[#pictureLent] Mar. 9: All God's Children

By Sidney Tompkins
Pasadena Community Church, St. Petersburg, FL
 

First, read Amos 5:24

Amos was an Old Testament prophet who lived and worked about 750 years before Jesus was even born! He was wise and listened to the word of God, and his job was to share God’s message with the people around him. You see, God was very concerned about how the people were treating each other, so God called on Amos to straighten them out. At that time, the people were making regular sacrifices to God because they thought God wanted them to. Instead, what God really wanted was for them to be kind to each other and to treat each other fairly.

The prophet Amos was mostly talking about how people who were rich didn’t treat the people who were poor very well. They weren’t friends with each other and didn’t go to the same parties. Much of the time, the people who were poor didn’t even have enough to eat or good places to sleep.

On August 28, 1963, a famous man named Dr. Martin Luther King, Jr. repeated the prophet Amos’ message to more than 250,000 people in Washington D.C. from the steps of the Lincoln Memorial during the March on Washington. Just like Amos, Dr. King was reminding the people and our country about the importance of treating all people fairly and with kindness and respect.

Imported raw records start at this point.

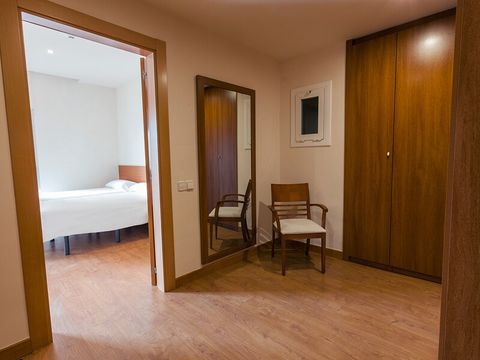 CHAMBRE 4 personnes - CHAMBRE QUADRUPLE - BALCON - PETIT-DÉJEUNER INCLUS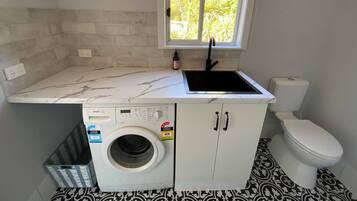 House, 3 Bedrooms, Smoking | Laundry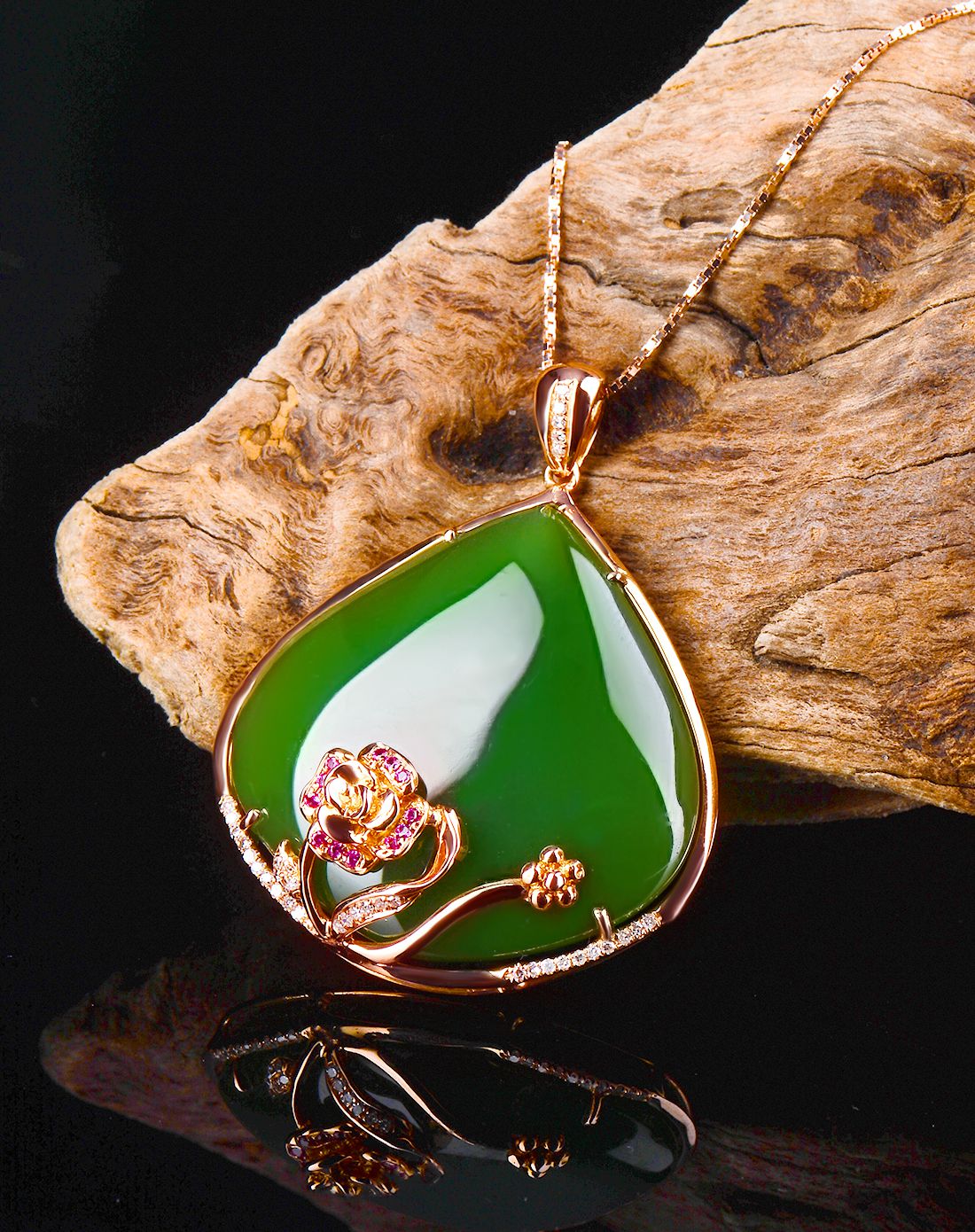 伊戴娇 18k金镶嵌老坑和田碧玉吊坠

He reminded us that we are all equal in God’s eyes, and should be treated that way. You see, that was a time in our American history when people were treated differently just because of the color of their skin. 

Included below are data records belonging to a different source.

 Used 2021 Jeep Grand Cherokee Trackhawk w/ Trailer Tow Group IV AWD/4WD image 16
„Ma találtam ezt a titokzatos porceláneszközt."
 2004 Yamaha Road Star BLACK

When I was a little girl, I remember my parents telling me that it’s important to treat my friends and everybody else the way I want to be treated, regardless of whether they are rich or poor, or whether they have the same skin color as mine. Jesus teaches us that we are all equal and that when we treat each other differently, we are not honoring him. We are all God’s children!

Prayer: Dear God, help us to remember how much you love each and every one of us. Help us to love everybody too. Help us to treat each other the way we want to be treated—with kindness and fairness. In Jesus’ name we pray, Amen.

Discussion Questions

  1. The prophet Amos compares justice and righteousness to a river—a stream that flows on forever. So what is he saying about how important justice and righteousness are to God?
  2. Why would Dr. King use the same words that the prophet Amos did hundreds of years later?
  3. Think about a time when you saw someone who wasn’t treated right. What happened? What did you do? What did you want to do?